Autoimmune diseases such as multiple sclerosis (MS), type 1 diabetes (T1D), rheumatoid arthritis (RA), are characterized by an immune-mediated attack on the body’s own tissues. The autoimmune disorders are found to be more frequent in the affluent population of developed countries (1) owing to improved hygiene, vaccination, and the use of antibiotics. The ‘hygiene hypothesis’ states that the limited exposure to bacterial and viral infections during early childhood results in an insufficient stimulation of regulatory T cells (Treg), which results in poor development of immune system. 

Autoimmune disease patients treated with parasitic worm infections showed improved disease symptoms and had no adverse effects. However, infants and elderly patients have an underdeveloped or compromised immune system and treatment with parasite infections may increase their susceptibility to other bacterial and viral infections. Therefore, our aim is to develop new drugs based on substances secreted by the parasites into the host system and test for their ability to modulate the immune system.

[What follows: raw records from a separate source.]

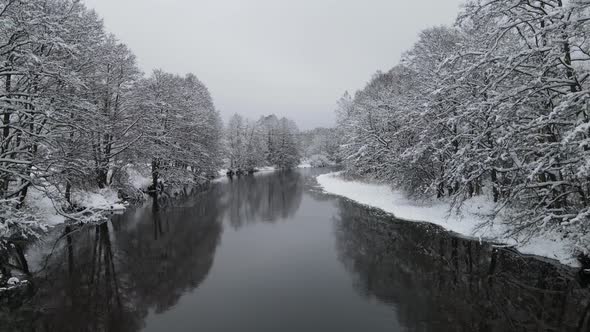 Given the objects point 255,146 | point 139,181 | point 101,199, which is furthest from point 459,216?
point 255,146

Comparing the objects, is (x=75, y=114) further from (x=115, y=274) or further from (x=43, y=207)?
(x=115, y=274)

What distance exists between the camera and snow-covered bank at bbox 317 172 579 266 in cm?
1128

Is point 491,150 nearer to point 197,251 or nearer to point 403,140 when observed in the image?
point 197,251

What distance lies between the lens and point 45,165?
13164 mm

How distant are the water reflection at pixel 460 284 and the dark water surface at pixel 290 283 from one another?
4 centimetres

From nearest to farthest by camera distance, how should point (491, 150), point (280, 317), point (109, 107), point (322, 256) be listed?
point (280, 317) → point (491, 150) → point (322, 256) → point (109, 107)

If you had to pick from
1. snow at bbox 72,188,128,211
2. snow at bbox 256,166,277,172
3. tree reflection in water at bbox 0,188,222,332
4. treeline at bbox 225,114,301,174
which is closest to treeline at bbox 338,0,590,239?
tree reflection in water at bbox 0,188,222,332

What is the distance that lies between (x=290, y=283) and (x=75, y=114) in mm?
13182

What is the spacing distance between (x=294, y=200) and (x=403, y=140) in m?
10.3

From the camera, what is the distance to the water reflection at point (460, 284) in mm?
7727

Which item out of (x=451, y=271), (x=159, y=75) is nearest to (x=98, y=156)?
(x=159, y=75)

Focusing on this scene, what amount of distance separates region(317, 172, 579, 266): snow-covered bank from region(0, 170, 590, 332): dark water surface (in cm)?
68

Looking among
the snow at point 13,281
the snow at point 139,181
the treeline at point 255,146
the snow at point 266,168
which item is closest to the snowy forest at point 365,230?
the snow at point 13,281

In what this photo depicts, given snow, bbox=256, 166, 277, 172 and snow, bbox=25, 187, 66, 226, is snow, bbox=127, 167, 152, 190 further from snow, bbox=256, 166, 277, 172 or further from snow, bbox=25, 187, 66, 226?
snow, bbox=256, 166, 277, 172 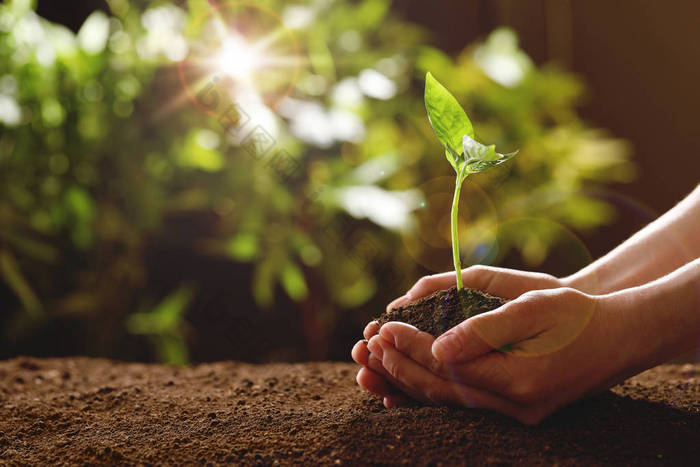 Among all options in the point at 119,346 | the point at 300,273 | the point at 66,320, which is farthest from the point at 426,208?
the point at 66,320

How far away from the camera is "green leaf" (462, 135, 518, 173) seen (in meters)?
0.64

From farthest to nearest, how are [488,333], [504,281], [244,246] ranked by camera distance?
1. [244,246]
2. [504,281]
3. [488,333]

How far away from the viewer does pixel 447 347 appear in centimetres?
65

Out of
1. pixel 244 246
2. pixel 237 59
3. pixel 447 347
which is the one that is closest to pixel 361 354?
pixel 447 347

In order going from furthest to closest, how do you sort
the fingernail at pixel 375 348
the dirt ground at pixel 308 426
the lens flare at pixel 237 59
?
the lens flare at pixel 237 59
the fingernail at pixel 375 348
the dirt ground at pixel 308 426

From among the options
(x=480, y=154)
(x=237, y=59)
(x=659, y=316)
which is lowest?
(x=659, y=316)

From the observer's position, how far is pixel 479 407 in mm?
708

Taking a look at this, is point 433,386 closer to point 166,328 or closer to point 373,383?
point 373,383

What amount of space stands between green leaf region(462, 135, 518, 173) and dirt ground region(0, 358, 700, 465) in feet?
1.03

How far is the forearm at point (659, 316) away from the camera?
0.66 m

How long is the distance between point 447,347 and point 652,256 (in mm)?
484

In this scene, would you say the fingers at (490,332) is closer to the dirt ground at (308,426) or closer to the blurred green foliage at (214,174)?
the dirt ground at (308,426)

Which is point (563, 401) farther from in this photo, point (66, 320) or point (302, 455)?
point (66, 320)

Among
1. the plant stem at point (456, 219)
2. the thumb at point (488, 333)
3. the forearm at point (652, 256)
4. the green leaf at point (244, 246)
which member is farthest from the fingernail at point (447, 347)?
the green leaf at point (244, 246) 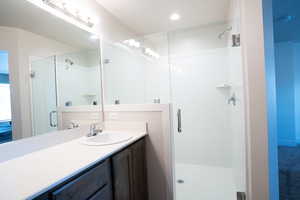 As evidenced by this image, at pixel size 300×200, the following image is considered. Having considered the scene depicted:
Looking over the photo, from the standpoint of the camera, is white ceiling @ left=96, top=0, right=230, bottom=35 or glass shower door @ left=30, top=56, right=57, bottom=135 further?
white ceiling @ left=96, top=0, right=230, bottom=35

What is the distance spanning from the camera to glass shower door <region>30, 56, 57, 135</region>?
4.30ft

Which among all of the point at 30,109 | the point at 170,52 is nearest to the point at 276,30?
the point at 170,52

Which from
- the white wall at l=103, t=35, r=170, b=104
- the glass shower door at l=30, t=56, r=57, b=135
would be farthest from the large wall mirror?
the white wall at l=103, t=35, r=170, b=104

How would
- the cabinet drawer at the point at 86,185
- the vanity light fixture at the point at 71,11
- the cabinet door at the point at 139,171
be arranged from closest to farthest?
the cabinet drawer at the point at 86,185, the vanity light fixture at the point at 71,11, the cabinet door at the point at 139,171

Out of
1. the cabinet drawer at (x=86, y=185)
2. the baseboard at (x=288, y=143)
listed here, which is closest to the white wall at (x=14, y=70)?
the cabinet drawer at (x=86, y=185)

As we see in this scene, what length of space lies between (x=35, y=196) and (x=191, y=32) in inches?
115

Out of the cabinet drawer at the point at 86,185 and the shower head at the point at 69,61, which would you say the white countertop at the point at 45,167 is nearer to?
the cabinet drawer at the point at 86,185

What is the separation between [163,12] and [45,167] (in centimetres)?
217

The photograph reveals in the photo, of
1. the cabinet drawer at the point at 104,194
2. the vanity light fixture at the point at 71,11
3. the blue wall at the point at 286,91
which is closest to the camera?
the cabinet drawer at the point at 104,194

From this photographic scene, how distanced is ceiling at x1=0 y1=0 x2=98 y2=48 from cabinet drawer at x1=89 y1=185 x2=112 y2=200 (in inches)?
51.8

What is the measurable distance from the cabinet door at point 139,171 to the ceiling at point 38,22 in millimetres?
1274

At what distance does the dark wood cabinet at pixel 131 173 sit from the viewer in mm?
1312

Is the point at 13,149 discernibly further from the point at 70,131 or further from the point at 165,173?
the point at 165,173

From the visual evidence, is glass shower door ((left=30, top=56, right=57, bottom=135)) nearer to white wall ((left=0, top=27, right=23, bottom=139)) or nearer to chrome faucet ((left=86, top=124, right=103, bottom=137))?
white wall ((left=0, top=27, right=23, bottom=139)) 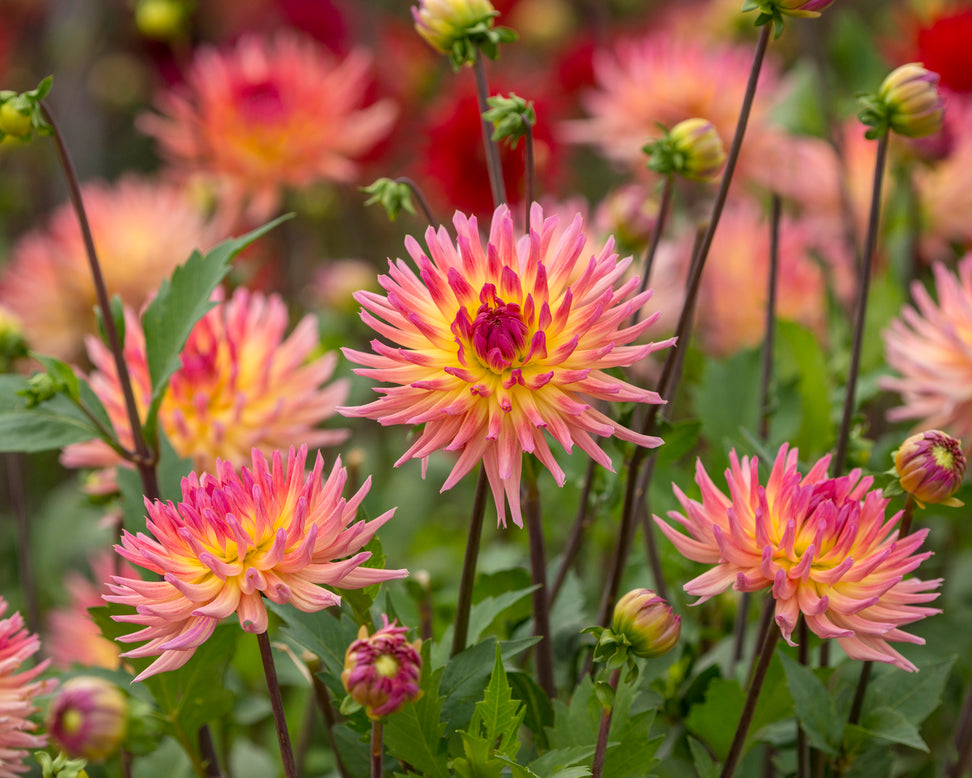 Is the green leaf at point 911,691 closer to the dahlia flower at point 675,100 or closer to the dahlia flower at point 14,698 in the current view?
the dahlia flower at point 14,698

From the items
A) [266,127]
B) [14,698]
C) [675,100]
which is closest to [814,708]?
[14,698]

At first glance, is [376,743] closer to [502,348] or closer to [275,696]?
[275,696]

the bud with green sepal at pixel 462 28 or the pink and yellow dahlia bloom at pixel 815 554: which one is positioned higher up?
the bud with green sepal at pixel 462 28

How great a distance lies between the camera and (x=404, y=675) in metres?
0.54

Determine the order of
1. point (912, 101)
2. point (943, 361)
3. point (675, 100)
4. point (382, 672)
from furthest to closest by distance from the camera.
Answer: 1. point (675, 100)
2. point (943, 361)
3. point (912, 101)
4. point (382, 672)

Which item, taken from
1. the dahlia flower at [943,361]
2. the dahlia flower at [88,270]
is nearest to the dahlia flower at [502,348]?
the dahlia flower at [943,361]

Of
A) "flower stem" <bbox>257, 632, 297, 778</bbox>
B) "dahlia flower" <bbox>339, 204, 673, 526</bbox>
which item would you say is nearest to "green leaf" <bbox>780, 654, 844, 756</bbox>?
"dahlia flower" <bbox>339, 204, 673, 526</bbox>

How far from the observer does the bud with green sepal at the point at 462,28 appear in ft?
2.48

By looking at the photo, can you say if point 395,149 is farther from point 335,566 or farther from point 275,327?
point 335,566

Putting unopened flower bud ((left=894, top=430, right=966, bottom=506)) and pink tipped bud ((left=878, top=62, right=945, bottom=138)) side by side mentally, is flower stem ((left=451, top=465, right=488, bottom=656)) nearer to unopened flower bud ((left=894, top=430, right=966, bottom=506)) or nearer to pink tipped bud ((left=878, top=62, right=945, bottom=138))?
unopened flower bud ((left=894, top=430, right=966, bottom=506))

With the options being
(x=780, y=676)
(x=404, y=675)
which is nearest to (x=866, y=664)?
(x=780, y=676)

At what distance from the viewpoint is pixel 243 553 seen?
1.90 feet

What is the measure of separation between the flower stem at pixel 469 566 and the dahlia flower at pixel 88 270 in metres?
1.07

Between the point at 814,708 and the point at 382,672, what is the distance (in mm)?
341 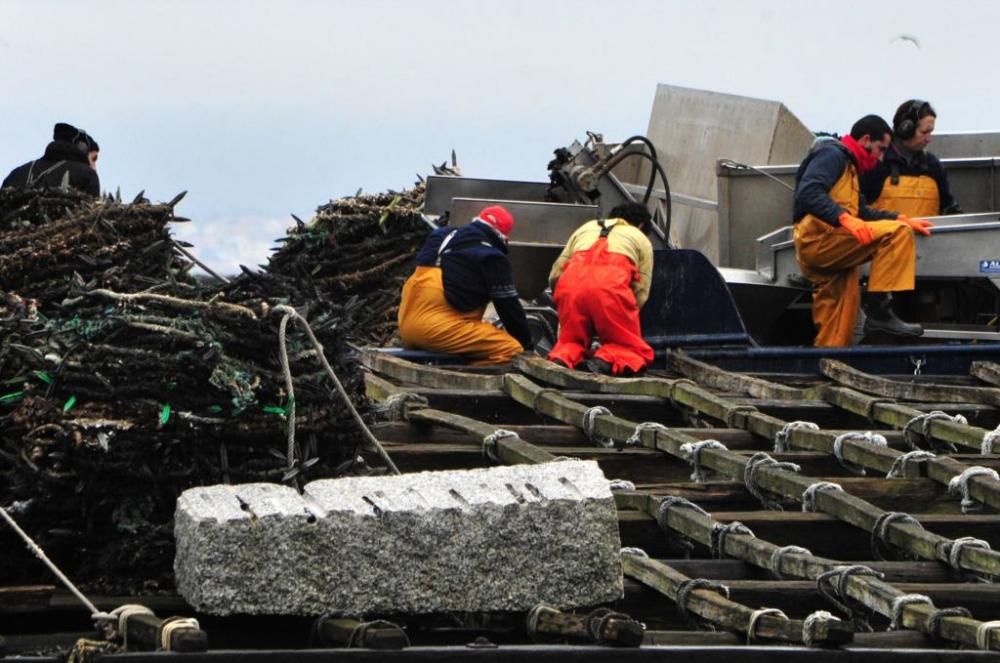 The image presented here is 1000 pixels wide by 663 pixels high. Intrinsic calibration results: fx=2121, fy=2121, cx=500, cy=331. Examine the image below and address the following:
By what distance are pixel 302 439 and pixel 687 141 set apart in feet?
33.5

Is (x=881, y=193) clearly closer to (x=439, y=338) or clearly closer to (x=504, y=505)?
(x=439, y=338)

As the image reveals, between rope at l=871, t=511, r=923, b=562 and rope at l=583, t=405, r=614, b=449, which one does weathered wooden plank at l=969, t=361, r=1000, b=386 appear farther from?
rope at l=871, t=511, r=923, b=562

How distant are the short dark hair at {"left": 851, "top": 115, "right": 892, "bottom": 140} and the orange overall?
80.7 inches

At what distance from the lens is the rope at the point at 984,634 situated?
613cm

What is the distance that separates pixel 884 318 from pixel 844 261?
0.49 metres

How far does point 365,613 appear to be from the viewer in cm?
602

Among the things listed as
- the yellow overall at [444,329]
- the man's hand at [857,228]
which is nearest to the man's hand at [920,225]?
the man's hand at [857,228]

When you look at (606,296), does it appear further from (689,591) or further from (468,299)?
(689,591)

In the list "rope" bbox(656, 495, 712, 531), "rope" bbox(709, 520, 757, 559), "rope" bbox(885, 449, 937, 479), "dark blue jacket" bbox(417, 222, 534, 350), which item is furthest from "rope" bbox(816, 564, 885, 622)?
"dark blue jacket" bbox(417, 222, 534, 350)

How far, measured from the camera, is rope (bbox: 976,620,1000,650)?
613 centimetres

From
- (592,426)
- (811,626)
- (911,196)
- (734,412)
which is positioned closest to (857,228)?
(911,196)

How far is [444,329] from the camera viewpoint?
41.3ft

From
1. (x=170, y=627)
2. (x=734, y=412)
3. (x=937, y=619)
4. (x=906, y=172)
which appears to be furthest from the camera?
(x=906, y=172)

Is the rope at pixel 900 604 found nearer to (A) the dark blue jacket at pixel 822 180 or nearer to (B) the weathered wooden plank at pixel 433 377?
(B) the weathered wooden plank at pixel 433 377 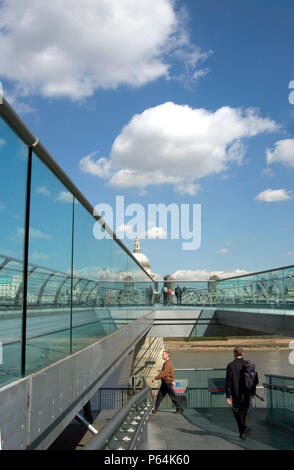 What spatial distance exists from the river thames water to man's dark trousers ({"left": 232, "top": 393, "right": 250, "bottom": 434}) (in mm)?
38922

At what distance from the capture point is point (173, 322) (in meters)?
24.8

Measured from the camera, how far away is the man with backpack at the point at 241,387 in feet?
24.6

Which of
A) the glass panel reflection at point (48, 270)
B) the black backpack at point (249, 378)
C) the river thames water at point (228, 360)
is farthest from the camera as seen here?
the river thames water at point (228, 360)

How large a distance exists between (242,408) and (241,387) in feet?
1.16

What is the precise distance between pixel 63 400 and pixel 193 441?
12.4 feet

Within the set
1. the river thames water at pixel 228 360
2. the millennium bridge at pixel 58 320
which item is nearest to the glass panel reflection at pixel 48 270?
the millennium bridge at pixel 58 320

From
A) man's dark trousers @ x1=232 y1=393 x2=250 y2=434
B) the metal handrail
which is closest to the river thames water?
man's dark trousers @ x1=232 y1=393 x2=250 y2=434

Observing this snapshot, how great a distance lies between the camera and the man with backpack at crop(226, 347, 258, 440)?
7492mm

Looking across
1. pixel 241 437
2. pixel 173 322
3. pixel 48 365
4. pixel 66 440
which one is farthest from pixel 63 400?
pixel 173 322

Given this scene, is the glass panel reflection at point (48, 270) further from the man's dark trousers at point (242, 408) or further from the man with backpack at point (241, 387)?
the man's dark trousers at point (242, 408)

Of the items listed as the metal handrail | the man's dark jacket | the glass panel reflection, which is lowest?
the man's dark jacket

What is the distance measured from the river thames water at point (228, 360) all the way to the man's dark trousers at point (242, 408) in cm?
3892

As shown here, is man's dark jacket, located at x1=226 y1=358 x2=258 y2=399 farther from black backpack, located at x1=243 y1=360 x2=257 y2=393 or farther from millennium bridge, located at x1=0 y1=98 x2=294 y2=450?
millennium bridge, located at x1=0 y1=98 x2=294 y2=450

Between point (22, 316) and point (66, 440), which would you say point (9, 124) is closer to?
point (22, 316)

In the current study, we have identified and characterized a novel hookworm (Ancylostoma caninum) secretory peptide (AcShK) (2), which is similar to the sea anemone ShK toxin although larger (AcShK is a 51-residue peptide). A recombinant expression system was designed to generate isotopically-labelled peptide in high yield. The designed construct expresses the AcShK peptide as a thioredoxin fusion protein with a TEV cleavage site. Ni2+ iminodiacetic acid affinity chromatography and reverse-phase HPLC were used to purify the peptide to homogeneity. The NMR solution structure of the peptide was solved using a doubly labelled (U-15N, 13C) sample. Initial electrophysiological experiments suggest that AcShK is a selective Kv1.3 ion channel blocker. Currently, we are investigating the ability of AcShK to suppress the human T cell production of cytokines and effector memory T cell proliferation. In conclusion this peptide may be useful as an immunosuppressant and will serve as a potential drug candidate in the therapy of autoimmune diseases.

  1. 1. Weinstock JV (2012) Autoimmunity: The worm returns. Nature 491(7423):183-185. 2. Mulvenna J, et al. (2009) Proteomics analysis of the excretory/secretory component of the blood-feeding stage of the hookworm, Ancylostoma caninum. Molecular & cellular proteomics : MCP 8(1):109-121.